WORK TO BE COMPLETED
What you return must match the listing below character for character, minus any pictures.

DATA
=== Begin Enclosure ===

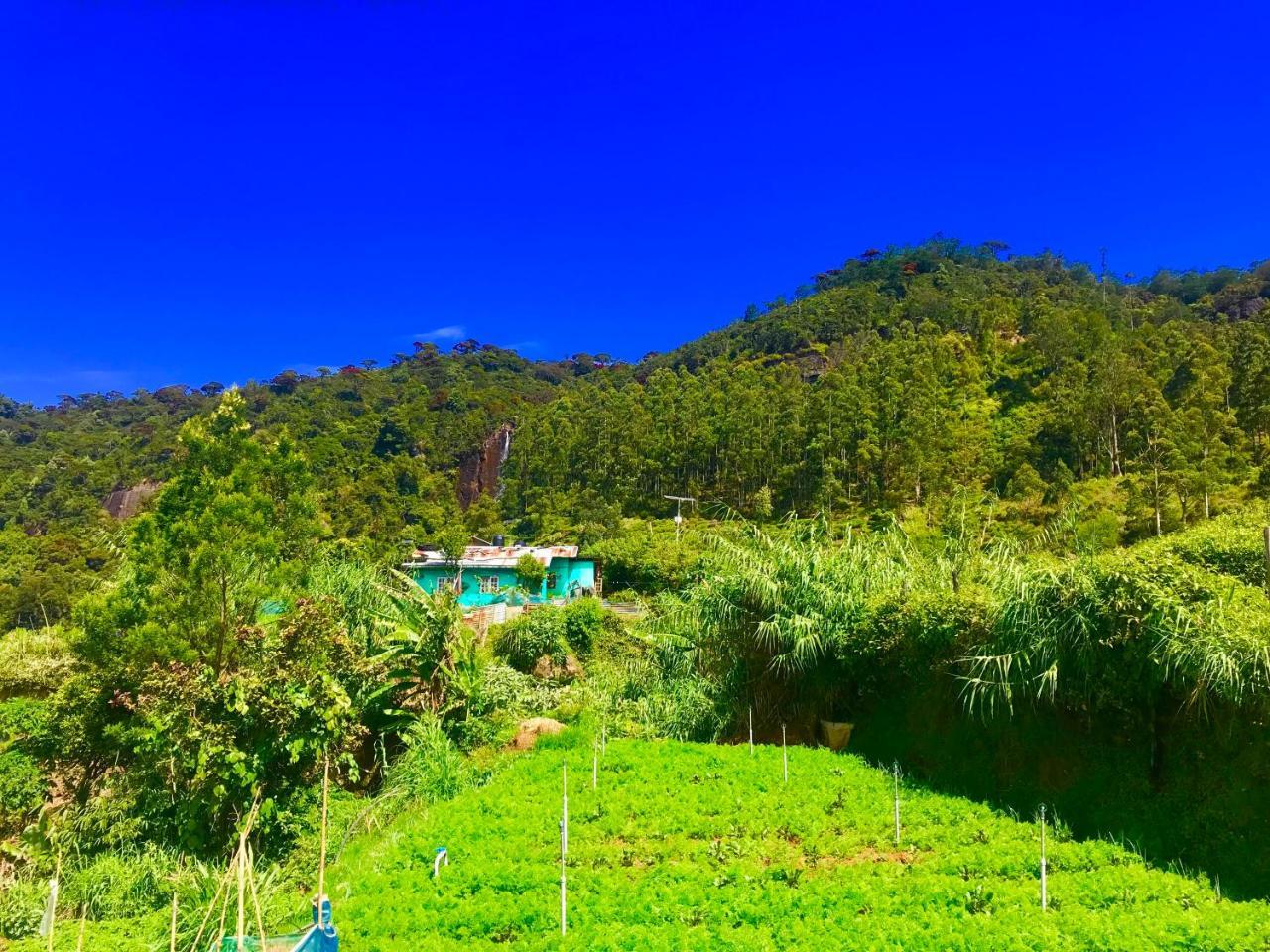 Loversleap Bungalow Nuwara Eliya Luaran gambar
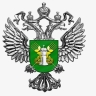В Ичалковском районе Мордовии зарегистрирован случай бешенства у кошки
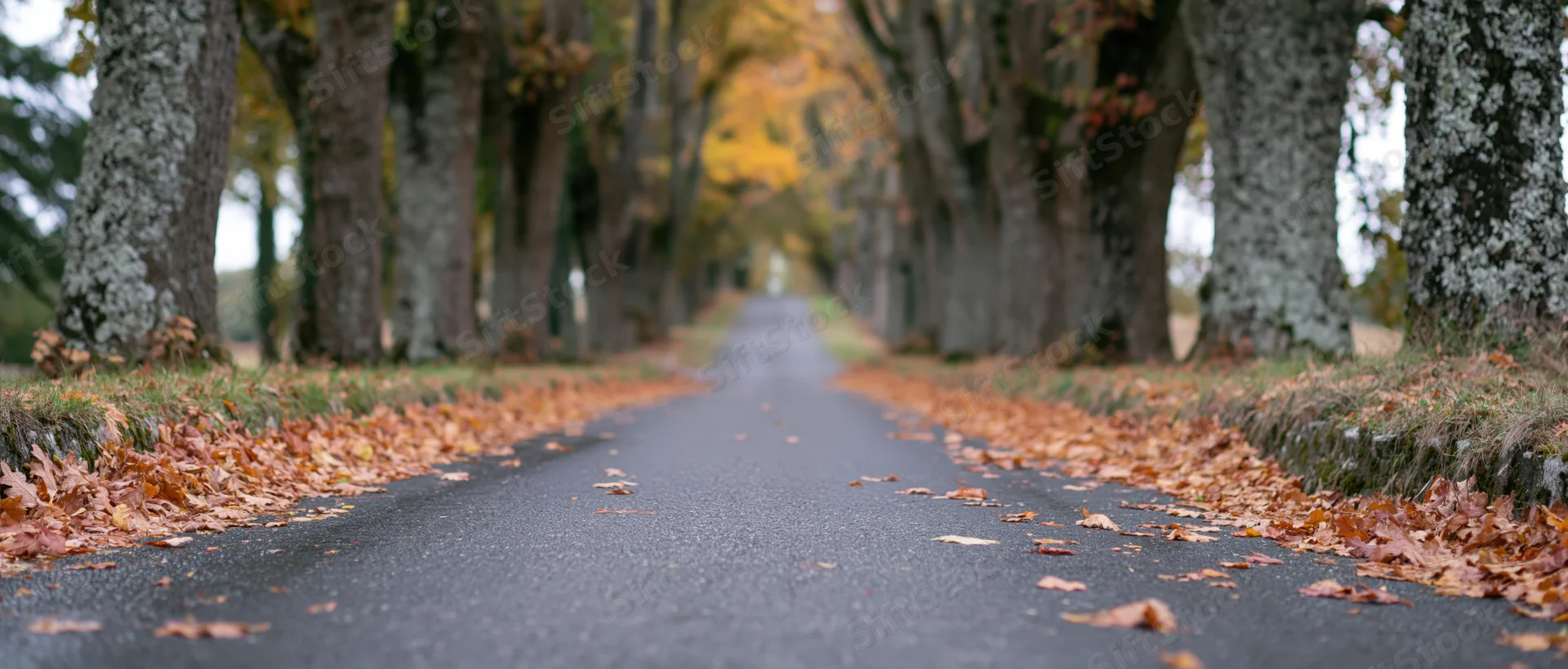 Narrow asphalt road lined with trees and fallen leaves stretching into the distance
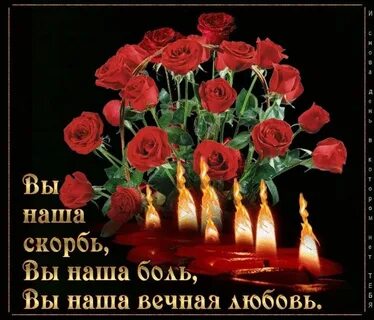 Вечная больно не будет читать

=== End Enclosure ===

ANSWER TO THE PROBLEM
 Loversleap Bungalow Nuwara Eliya Luaran gambar
В Ичалковском районе Мордовии зарегистрирован случай бешенства у кошки
 Narrow asphalt road lined with trees and fallen leaves stretching into the distance
 Вечная больно не будет читать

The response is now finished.